MATERIAL PROVIDED:
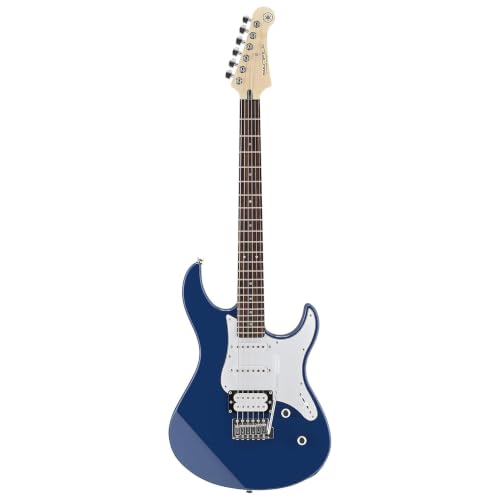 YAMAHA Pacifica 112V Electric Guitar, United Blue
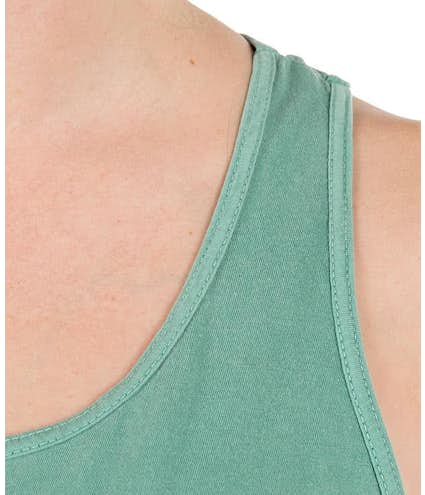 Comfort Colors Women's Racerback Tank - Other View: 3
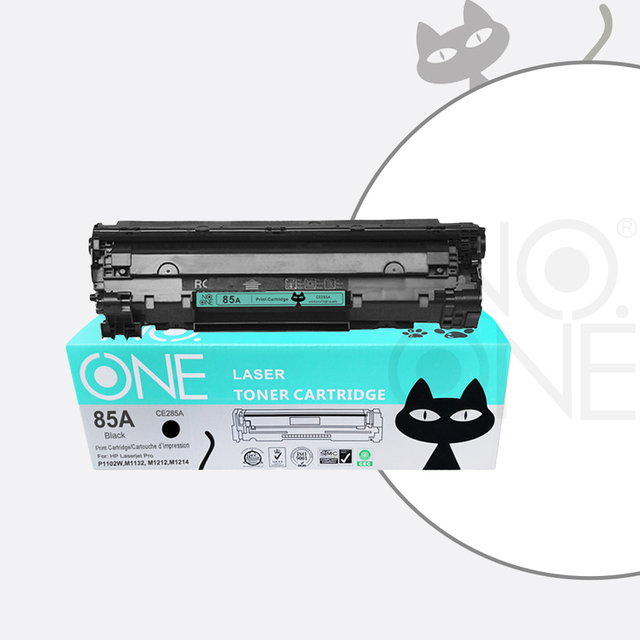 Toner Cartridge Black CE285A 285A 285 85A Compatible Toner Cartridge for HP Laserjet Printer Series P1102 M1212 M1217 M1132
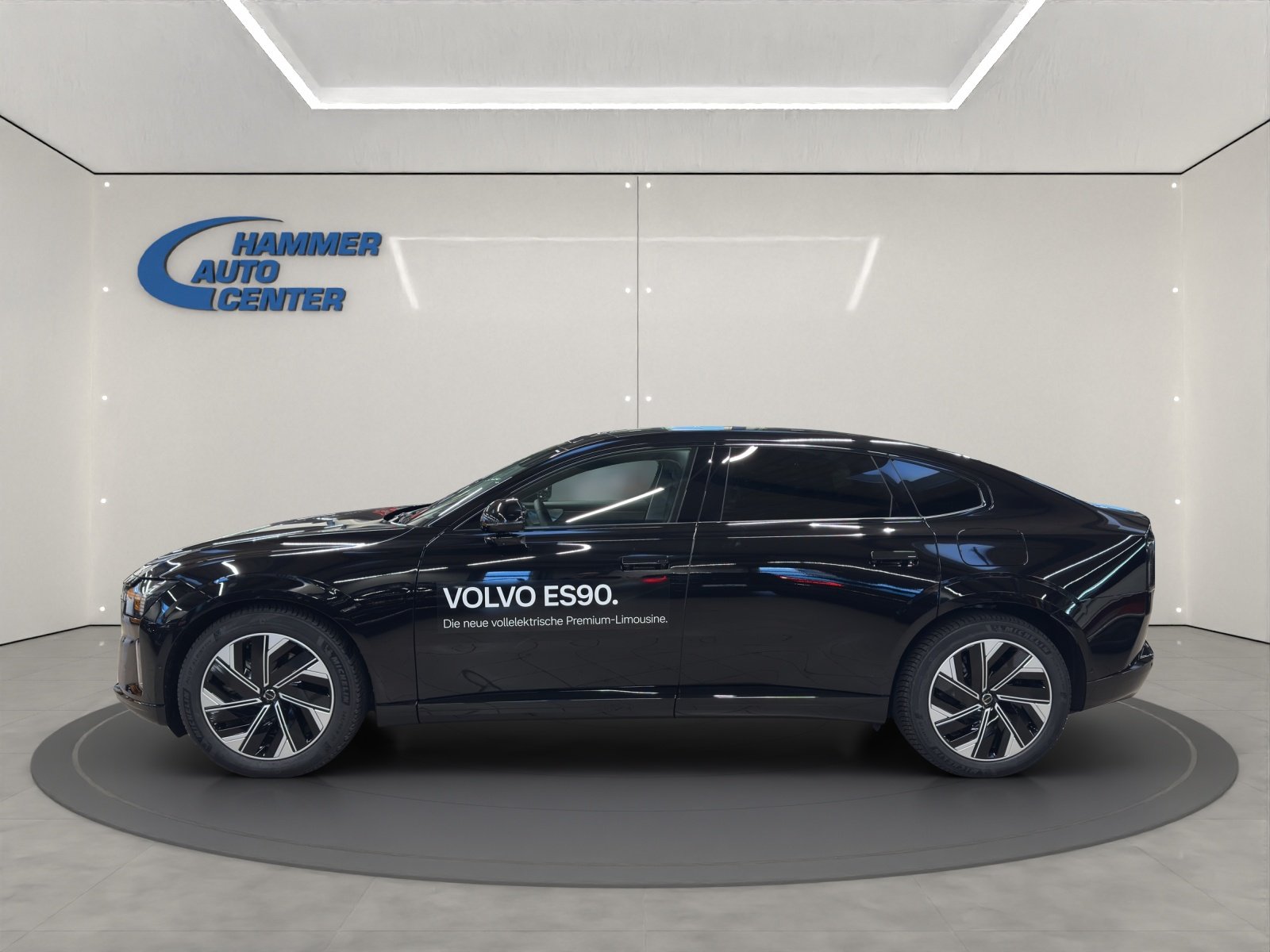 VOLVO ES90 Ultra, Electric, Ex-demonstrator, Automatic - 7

PROBLEM STATEMENT: The lines from the one containing "Toner Cartridge Black" through the end of the data above are to be copied exactly, both ends included, and pictures are to be omitted.

WRITTEN RESPONSE:
 Toner Cartridge Black CE285A 285A 285 85A Compatible Toner Cartridge for HP Laserjet Printer Series P1102 M1212 M1217 M1132
 VOLVO ES90 Ultra, Electric, Ex-demonstrator, Automatic - 7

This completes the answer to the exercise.